Skip site navigation (1) Skip section navigation (2)

Re: mailing list archiver chewing patches

From: Aidan Van Dyk <aidan(at)highrise(dot)ca>
To: Matteo Beccati <php(at)beccati(dot)com>
Cc: Magnus Hagander <magnus(at)hagander(dot)net>,Dimitri Fontaine <dfontaine(at)hi-media(dot)com>,Dave Page <dpage(at)pgadmin(dot)org>, Abhijit Menon-Sen <ams(at)toroid(dot)org>,Alvaro Herrera <alvherre(at)commandprompt(dot)com>,Andrew Dunstan <andrew(at)dunslane(dot)net>,Tim Bunce <Tim(dot)Bunce(at)pobox(dot)com>,pgsql-hackers <pgsql-hackers(at)postgresql(dot)org>
Subject: Re: mailing list archiver chewing patches
Date: 2010-01-12 20:16:47
Message-ID: 20100112201647.GC18076@oak.highrise.ca (view raw or flat)
Thread:
Lists: pgsql-hackerspgsql-www
I'll note that the whole idea of a "email archive" interface might be a
very good "advocacy" project as well.  AOX might not be a perfect fit,
but it could be a good learning experience... Really, all the PG mail
archives need is:

1) A nice normalized DB schema representing mail messages and their
   relations to other message and "recipients" (or "folders")

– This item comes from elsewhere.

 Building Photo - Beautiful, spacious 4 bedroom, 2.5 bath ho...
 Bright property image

2) A "injector" that can parse an email message, and de-compose it into
   the various parts/tables of the DB schema, and insert it

3) A nice set of SQL queries to return message, parts, threads,
   folders based on $criteria (search, id, folder, etc)

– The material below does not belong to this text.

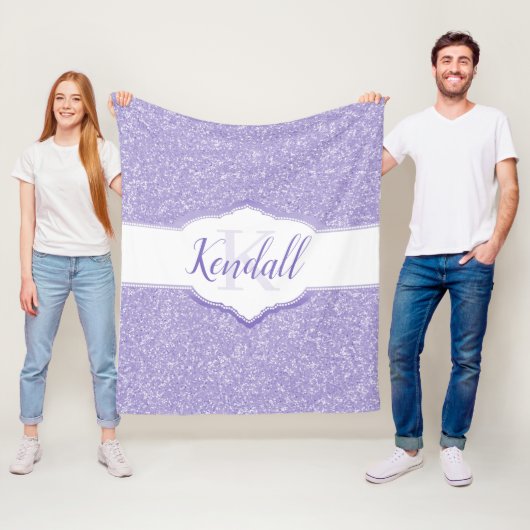 Couverture Polaire Parties scintillant violette Monogramme Lancer la  (En situation)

4) A web interface to view the messages/thread/parts #3 returns

The largest part of this is #1, but a good schema would be a very good
candidate to show of some of PG's more powerful features in a way that
"others" could see (like the movie store sample somewhere) , such as:
  1) full text search
  2) text vs bytea handling (thinking of all the mime parts, and encoding,
     etc)
  3) CTEs, ltree, recursion, etc, for threading/searching
  4) Triggers for "materialized views" (for quick threading/folder queries)
  5) expression indexes

a.

* Matteo Beccati <php(at)beccati(dot)com> [100112 14:56]:

> Having played with it, here's my feedback about AOX:
>
> pros:
> - seemed to be working reliably;
> - does most of the dirty job of parsing emails, splitting parts, etc
> - highly normalized schema
> - thread support (partial?)
>
> cons:
> - directly publishing the live email feed might not be desirable
> - queries might end up being a bit complicate for simple tasks
> - might be not easy to add additional processing in the workflow

> If there isn't a fully usable thread hierarchy I was more thinking to  
> ltree, mainly because I've successfully used it in past and I haven't  
> had enough time yet to look at CTEs. But if performance is comparable I  
> don't see a reason why we shouldn't use them.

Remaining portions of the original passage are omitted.